Electronic skin or e-skin is a device that mimics such properties of human skin along with additional features.

Electrical skin technology

The applications of e-skin vary widely. The key application areas are in the wearable or skin attachable devices, prosthetics, and robotics. The broad class of materials often contains sensing abilities that are intended to produce the capabilities of human skin to respond to all environmental factors like changes in heat, temperature, and pressure.

Madhu Bhaskaran, research leader says that the pain-sensing prototype is a significant advance towards next-generation  biomedical technologies and intelligent robotics.

No electronic technologies have been able to realistically mimic that very human feeling of pain. We sense the things all the time through the skin but our pain response only kicks in at a certain point, such as when we touch something too hot or too cold.

·       Stretchable electronics, which combine oxide materials with biocompatible silicon to deliver transparent, wearable, and unbreakable electronics, thin like a stickers.

·       Self-modifying coating 1000 times, even thinner than our hair, based on a material that transforms in response to heat.

·       Electronic memory cells that imitate the way the brain uses long term memory to recall, and also retain previous information.

When electronic skin is attached to human skin or is functioning as skin in prosthetics or robotics, first, they need to well adhere to moving surfaces. At the joints, the surface will undergo lateral tension, twisting, and compression.  For the electronic skin to have adhered to the body under such conditions,  stretchability is of a critical matter. Without this stretchability, the electronic skin is likely to be delaminated from the surface.

Electrical Skin

For skin-attachable applications, since stretchable materials can stretch along with the surface of the skin. The user will experience higher comfort. In addition to it, stretchability is needed to provide the necessary mechanical degrees of freedom to prevent the breakage of electronic skin during usage.

When electronic skin is attached to human skin or is replacing skin in prosthetics. The daily human motion will generate strain values up to 30%, without stretchability, the electronic skin will likely undergo serious damage. In the case of robotics, the stretchability of electronic skin will enable the robot to take on a variety of shapes and it enables a high degree of freedom in movement.

Our skin has several unique properties that distinguish it from conventional electronics. In addition to that, our skin is capable of repairing itself, drastically increasing its durability and its lifetime.

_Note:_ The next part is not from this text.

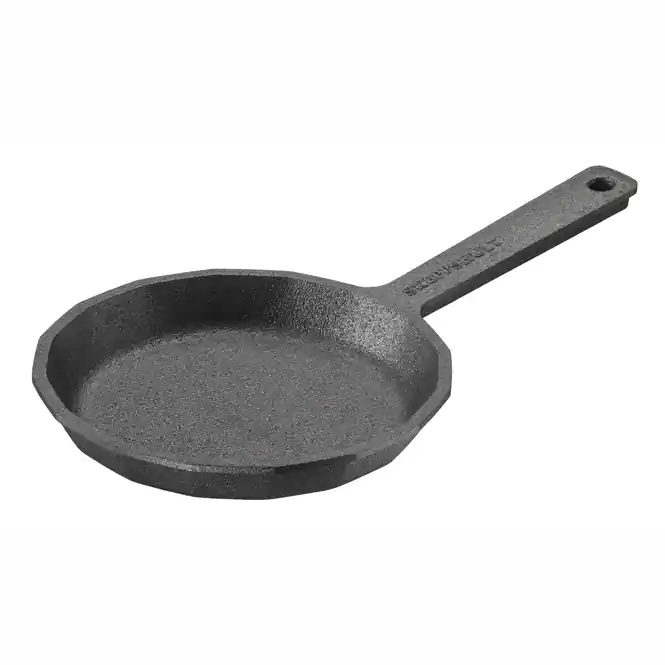 Premium Skeppshult Järn Koekenpan 15 cm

E-skin will be exposed to a variety of mechanical stresses, causing strains in various directions. Hence, it is imperative that the electronic skin maintains its functionality under such strains. Regards that, research on stretchable electronic materials and devices has been intensively investigated, and huge improvements have been witnessed over the past few years.

Electronic skin features:

·        Optimization of pressure sensors

·        Electronic readout but no Human Readable output

·        Built is an active organic led display: OLEDs are turned on locally where the surface is touched and the intensity of the emitted light quantifies the magnitude of applied pressure.

·        It can measure the electrical activity of the heart, brainwaves, and other vital signs.

·        record electrical activity along the scalp.

·        Muscle contraction in the neck, control the mouse in a computer game

Structure of pixel of electronic skin

·       OLED: bi-layer structure whose color controlled by emissive layer materials.

·       The nanotube TFT drain is connected to the anode of OLED.

·       Conductivity of PSR (alpha) is applied pressure.

AMOLED

We can arrange single-pixel OLED control circuitry in to an active matrix OLED which is then integrated with the pressure sensor to get a skin.

Each of the pixels can be individually addressed using nanotube TFTs.

Method to convert display into electronic skin

There is PSR lamination on the top of the leads to make pressure sensitive. The cathode of each OLED is connected to the ground through PSR. Application of the pressure: shortening of tunneling path between conductive carbon nanoparticles reduce the resistance of PSR modulates the current flowing through OLEDs and it also changes the brightness of the output.

Advantages

·        It reduces the wires

·        It is compact in size

·       Less in weight

·       Device is Floppy

·       Device is also Flexible

Disadvantages

·        It’s cost is high

·        Single use

Applications of electrical skin

·    In Automatic control panel

·     In interactive input devices

·    In robotics

·     In medical devices

·    In health monitoring devices

Future scope of e-skin

In the future, even the virtual skins may be placed on the device for knowing our body functionality.

“Whenever you take technology and mix it with art, you always come up with something innovative.”